To my mind the most disturbing point in all this is not that the Planning Commission’s forecast of a year ago turned out to be so wrong - It is in the elite company of the Finance Ministry, EAC, World Bank, IMF and numerous international and domestic private forecasters. The more important point is that too many influential people in India and abroad seem to believe that attaining an average growth rate of 9-10% over ten years is as easy as ticking of policy suggestions on a power point presentation. The history of economic growth conclusively demonstrates the falsity of this assumption. Having had the good fortune to study growth, one was in a position to oppose the adoption of unreasonably high growth targets (above 8.5%) in both the 10th and 11th plans and to delicately warn in 2008-9 (Economic Survey) that the key issue for India was not how to raise economic growth from the existing 8-8.5% to 9-10% (on which analysts, businessmen, government and media seemed to be virtually unanimous), but how to sustain 8 to 8.5% over the next two decades to become an upper middle income country.[i]

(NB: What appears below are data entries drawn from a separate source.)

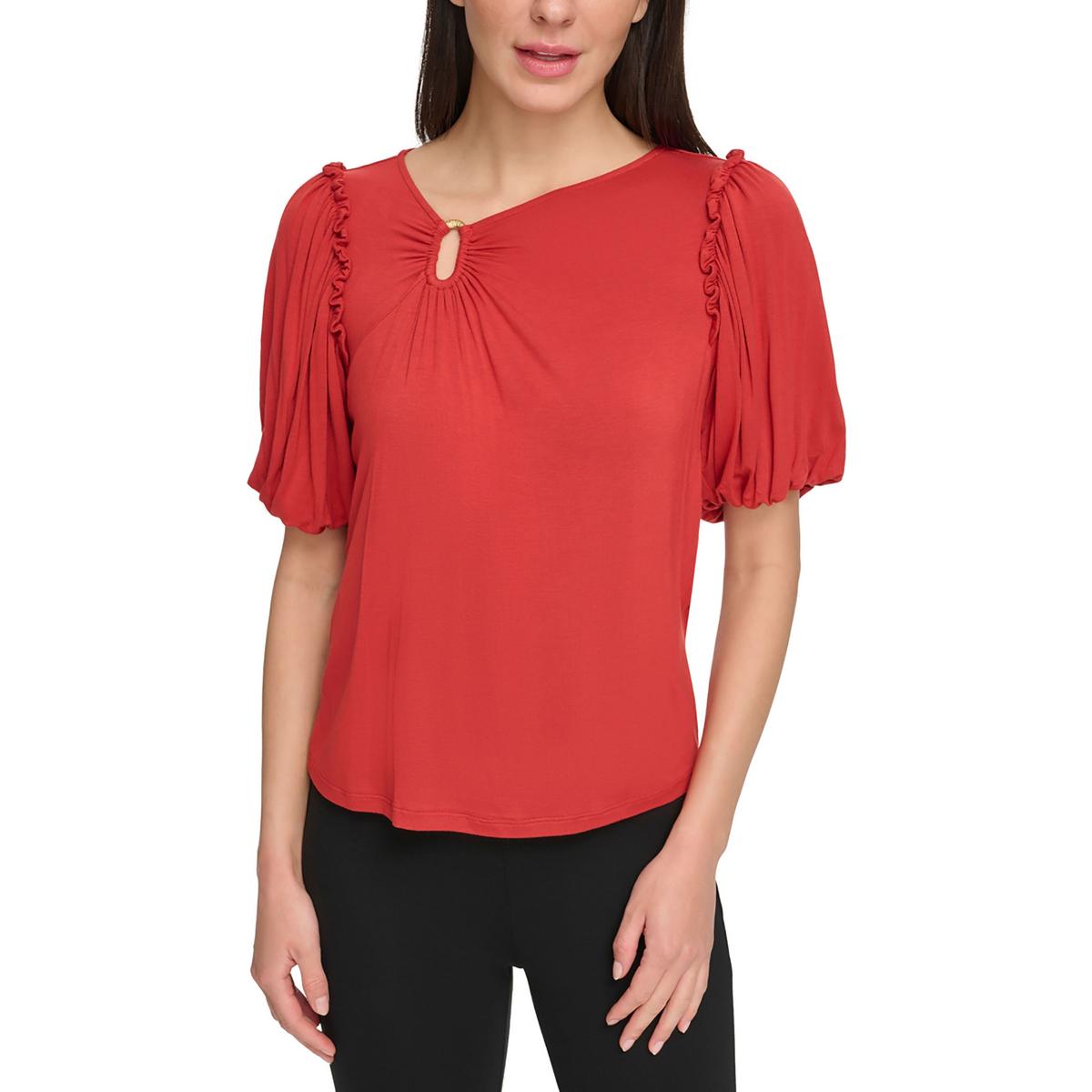 Womens Embellished Puff Sleeve Blouse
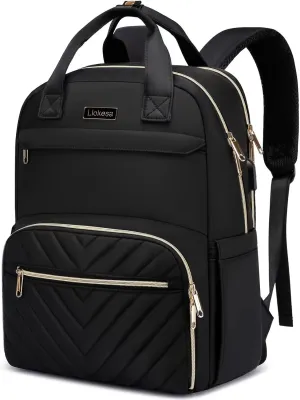 Lunch Backpack for Women, Water Resistant Insulated Cooler Lunch Bag, 15.6 inch Laptop Backpacks with USB Port, Picnic Backpack with Lunch Box, for College Work Camping Beaches, Black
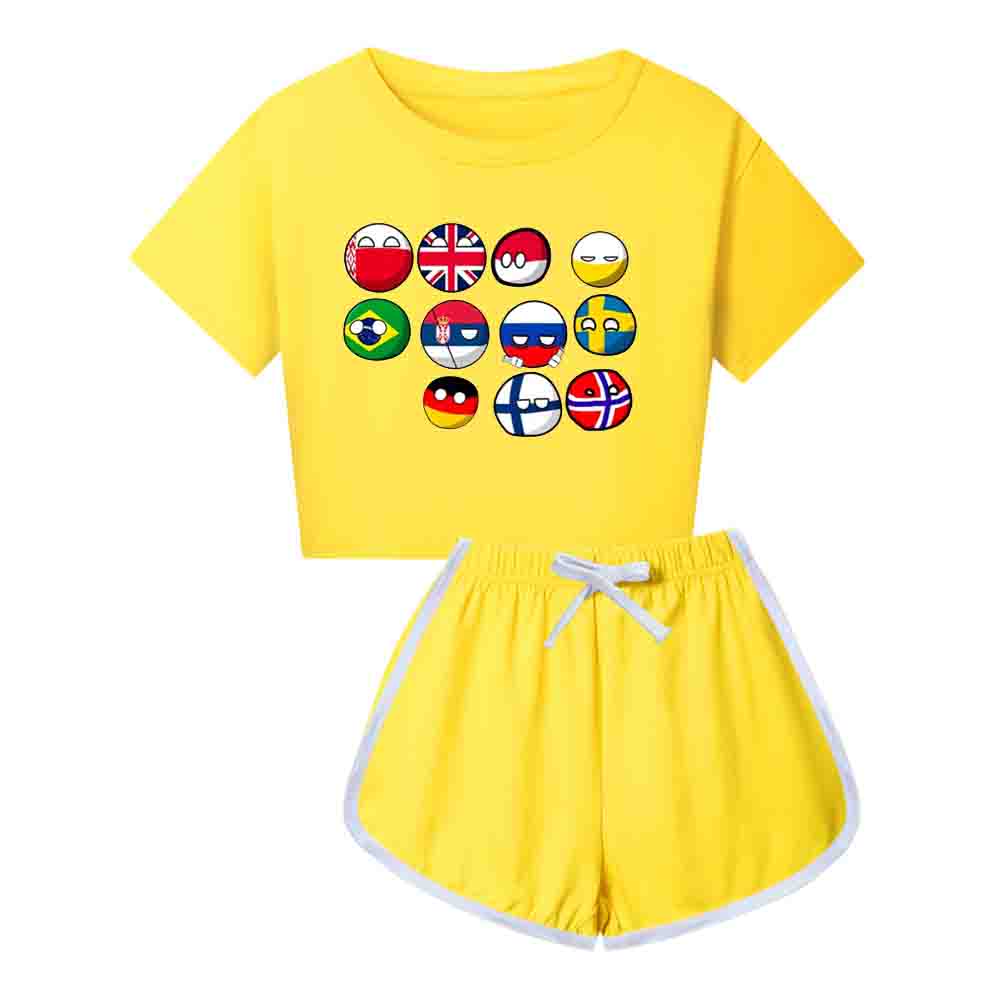Children Countryball Printed Short Sleeve Top Shorts Sleepwear Set 110cm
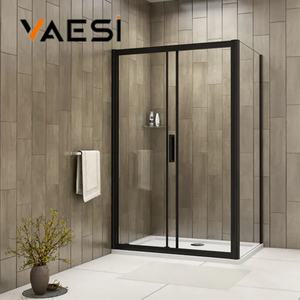 <span class=keywords><strong>Porte</strong></span> <span class=keywords><strong>de</strong></span> <span class=keywords><strong>douche</strong></span> coulissante encadrée <span class=keywords><strong>en</strong></span> aluminium avec <span class=keywords><strong>verre</strong></span> trempé noir mat à <span class=keywords><strong>bas</strong></span> prix <span class=keywords><strong>de</strong></span> l'usine Vaesi - Product Image 4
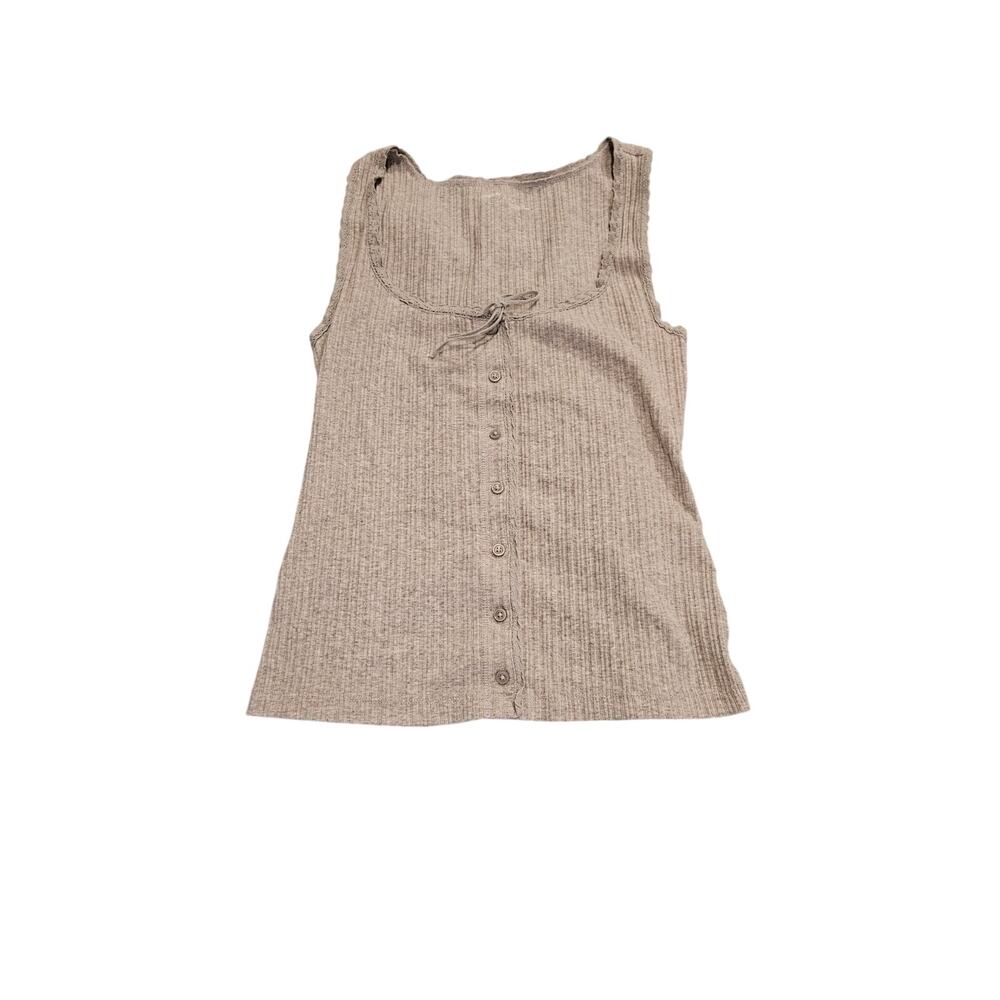 Aerie Gray Ribbed Button Front Tie Tank Top Small Petite - Picture 1 of 8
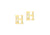 9ct Yellow Gold Initial 'H' Crystal Stud Earring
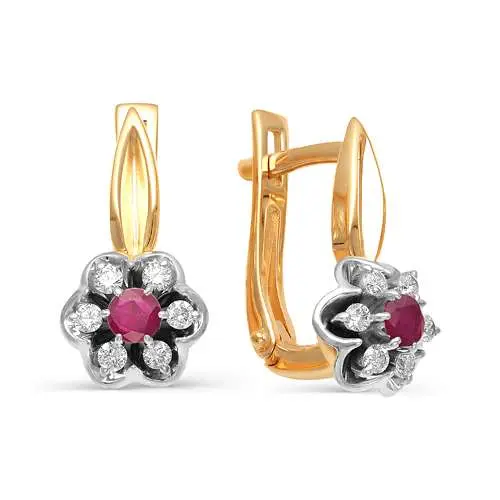 Серьги с английским замком из комбинированного золота с рубинами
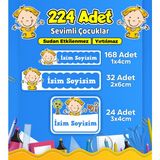 Sevimli Çocuklar Temalı Okul Kreş Kişiye Özel Isim Etiket Seti - Model 621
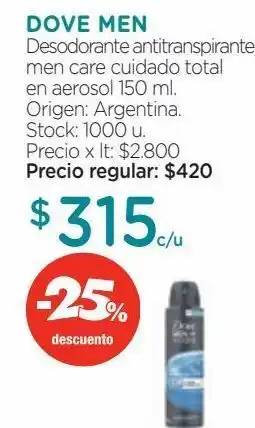 Farmacity Desodorante antitranspirante men care cuidado total en aerosol 150 ml. oferta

There have been scores of countries that have grown at very fast rates of GDP growth of over 8.5%% (GDP) for a few years but only a limited number that have sustained this average for a decade. I call these “shooting stars” and ‘sprinters’ respectively. For the entire set of countries the correlation between average decadal growth rate in the 1990s and the 2000s is negative, having come down from a mildly positive 0.13 in earlier decades. This means that in general growing fast in one decade does not guarantee a country equal success in the next decade. Worst in the last two decades it has paradoxically proved to be a handicap.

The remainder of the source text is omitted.